BARTOW, Fla. (WFLA) — From his home, Richard Hatchett has a great view of the flooding at Peace River Village Mobile Home Park.

That’s because his home is in the middle of it. Hatchett can no longer enter his home through the driveway and instead must stomp through mud to get to the side entrance.

He and his family still stay in the home. It’s surrounded by water outside and lower portions inside the home are underwater.

“We keep the doors closed because the smell, because it’s sewer water. It’s backing up. It’s only gonna get worse. It’s not gonna get any better,” said Hatchett.

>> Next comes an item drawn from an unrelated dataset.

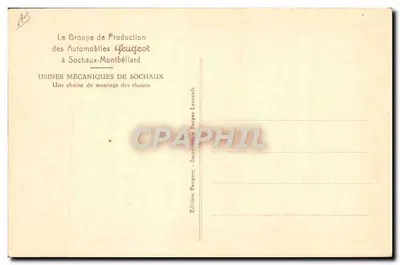 Fabbriche meccaniche Peugeot a Sochaux-Montbéliard — catena di montaggio dei telai — Edizione Peugeot, Tipografia Berger-Levrault — Verso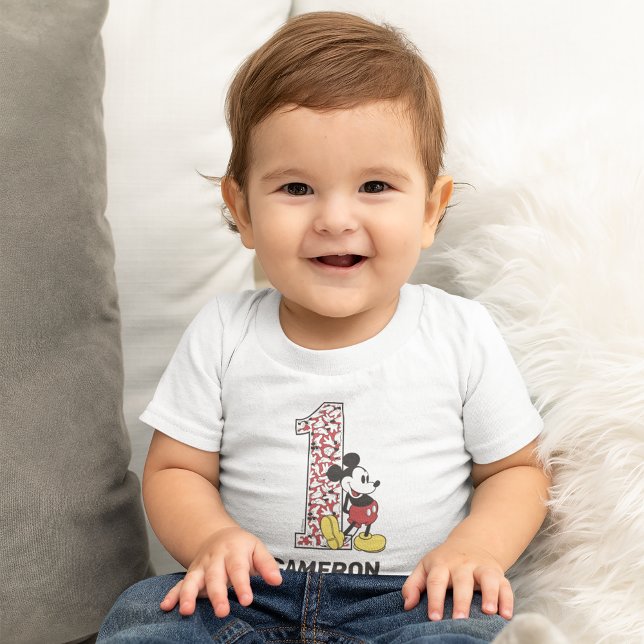 Classic Mickey Mouse | Custom 1st Birthday Boy Baby T-Shirt (Baby wearing t-shirt)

He is spending precious cash on gas for his generator. He expects any help from FEMA to take awhile.

“They’re saying they can’t walk in the water to come down here but then they said ‘Ok, you take pictures, that’s a good thing. We can use the pictures.’ Then when we did that, we looked at the application with FEMA and it said incomplete,” said Hatchett.

8 On Your Side has been told FEMA will be providing updates this week on ways to assist the people at Peace River Village.

Last week, Hatchett’s neighbor Felix Atkinson teared up while talking about how the park would flood after a regular Florida storm.

“If the water just keeps getting too high, we’re out of here,” said Atkinson about his plans before the storm.

He and his wife fled the home and have not been able to live in it since. On Thursday, he used a canoe to take some of his belongings and medications out of the home. He also stopped to water his precious chocolate-scented orchids.

“I never really thought that it would get this bad. I mean, I really didn’t. None of us did,” said Atkinson.

Residents have expressed frustration with the owners of the property, Celebrate Communities, which is headquartered outside the Bay area. They feel they have not done anything to help them.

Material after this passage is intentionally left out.